The St. Marie was no match for the bed in the master bedroom of the lighthouse. Here there were no cotton sheets, no soft pillows for our heads and no mattress to cushion our weight.
The wooden planks of the floor shifted and popped when Aster pulled me down in front of the captain’s desk. But I could feel his love with every touch. And more than his love alone.
The nature of Aster’s passion always spanned beyond the stable, the predictable. It had a liquid quality to it. The quality of magma beneath the Earth’s crust, beneath the stillness of this very site.
My lips could only part in fascination when I looked at him. I had done this. I had brought forth a man of flesh and blood, one who loved me and gave back to me freely every blessing at his disposal.
Eventually he climaxed, freezing over me like a lion about to roar. He rolled off me and collapsed beside me, staring at the blackness above in thought.
I lay still beside him for a few seconds, gathering my thoughts.
If we could visit a place like this, a wreck on the ocean floor, and make it our own, then what couldn’t we do?
The entire world belonged to us. We were king and queen over this reality, over a realm that comprised of more than I could ever imagine.
Then I turned my eyes to Aster himself. He was a statue, a living, breathing work of art. The contours of his face might as well have been chiseled in marble. I hesitated to say anything to him right now because I knew that my words could only bring him down to my level.
What was he thinking as he lay beside me? The water teased at his hair and caused it to float around his ears and the the sides of his head. The movement belonged to him as much as his own breathing.
“A penny for your thoughts,” I said, breaking from my fear but not moving from my place on the wooden floor.
And here he fell, back to mortality, back to a plane where he and I could look at each other in the eyes. Comprehension.
Aster blinked and looked around as if momentarily confused about our whereabouts. We need to wake up, he said. The air has changed. Someone is coming to us.
“Wake up?” I asked.
I scolded myself for thinking this encounter could have been anything more than a good dream. My last clear memory entailed sitting behind the desk typing while Aster told me I wouldn’t need to sleep ever again, when he put his hands over my eyes. He must have lied to trick me into staying up.
He looked at me in a way that said I should have known better.
My fingers curled into the waterlogged surface of the deck, and suddenly the ragged texture of the wood turned into a rough weave of cloth, of the seat of the office chair.
There was no transition. No first-here-then-there, no wishing on fairy dust and flying away. Instead, we returned to the lighthouse the same way we left it, without my even knowing as much.
My eyes refocused on the computer screen, where I saw that I had continued to type during our fantastic odyssey even without knowing it. In fascination I skimmed the visible paragraphs, and then I looked across the room at Aster, who studied a trio of seagulls out the window in interest.
“How did we do that?” I asked dumbly. “I don’t remember typing any of this.

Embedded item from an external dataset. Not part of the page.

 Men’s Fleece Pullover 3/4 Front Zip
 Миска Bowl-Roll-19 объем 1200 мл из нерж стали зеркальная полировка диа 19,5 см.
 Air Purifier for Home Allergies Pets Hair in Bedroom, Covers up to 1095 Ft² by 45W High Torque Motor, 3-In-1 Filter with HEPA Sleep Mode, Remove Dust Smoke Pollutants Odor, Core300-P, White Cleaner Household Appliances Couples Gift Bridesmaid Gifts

Did you do this?”
Aster was standing on his toes. When he heard me, he turned only in reluctance. A shade of orange dusted his lower cheeks. What is it that we did, again? he asked.

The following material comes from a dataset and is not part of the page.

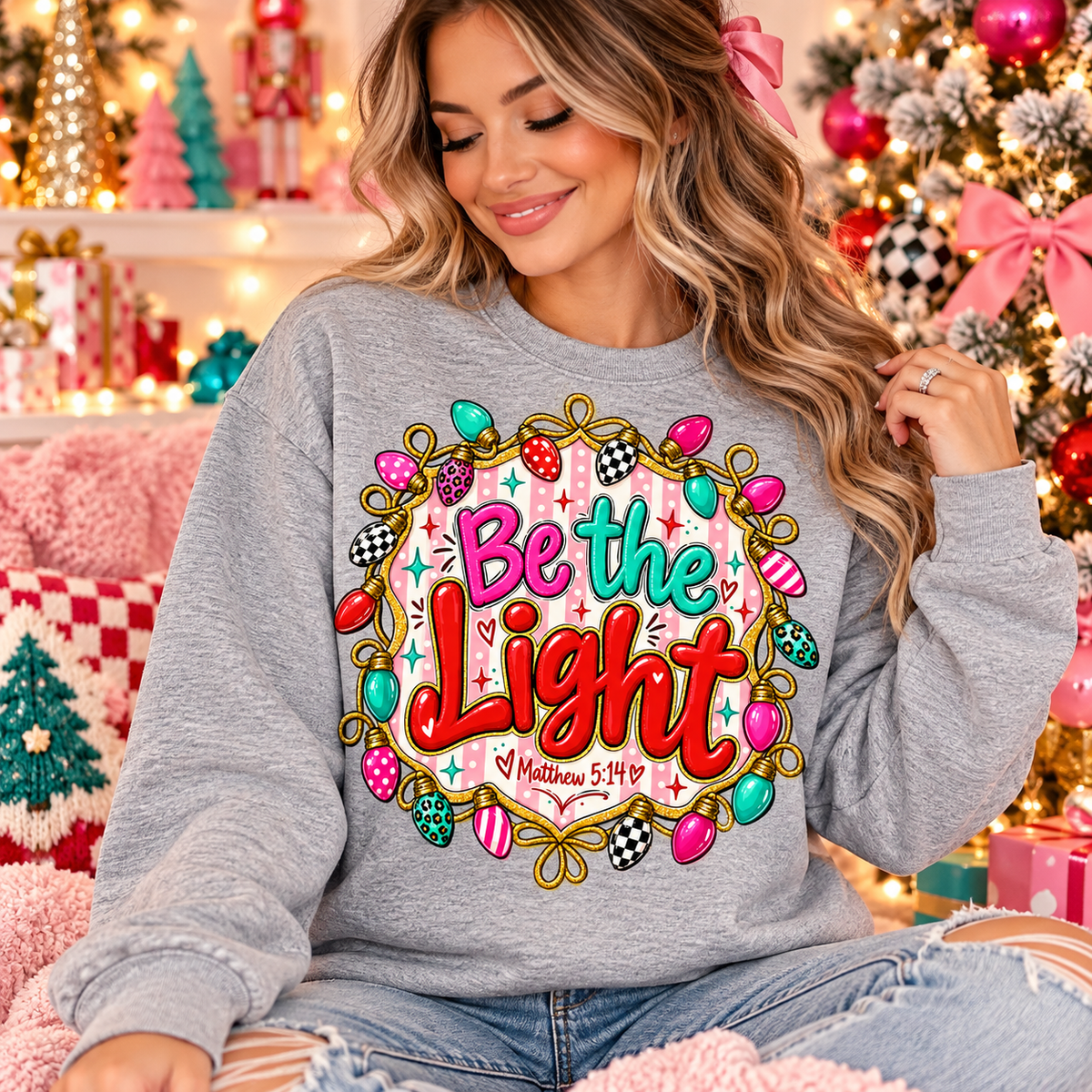 Be the Light PNG | Matthew 5:14 Christian Christmas Digital Download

My lips parted, but the response never came. It was as if our visit to the shipwreck had happened only in the blink of an eye in the far recesses of my mind. Like it wasn’t real at all, even though I so clearly remembered every detail.
Aster shooed me away with catlike ease. We’ve worked long enough. Go upstairs and refresh yourself. Your—well, your family is very close now. I regret I didn’t force you to call them off, but I’ve prepared myself for the inevitable.
“My family?” I asked. “They weren’t coming for days.”
It’s been days since you told me, he said lightly.
My back tingled when I stood, and it occurred to me that the shipwreck visit was not only real, but that it had taken a lot of time—and also that I had been sitting for much longer than it seemed.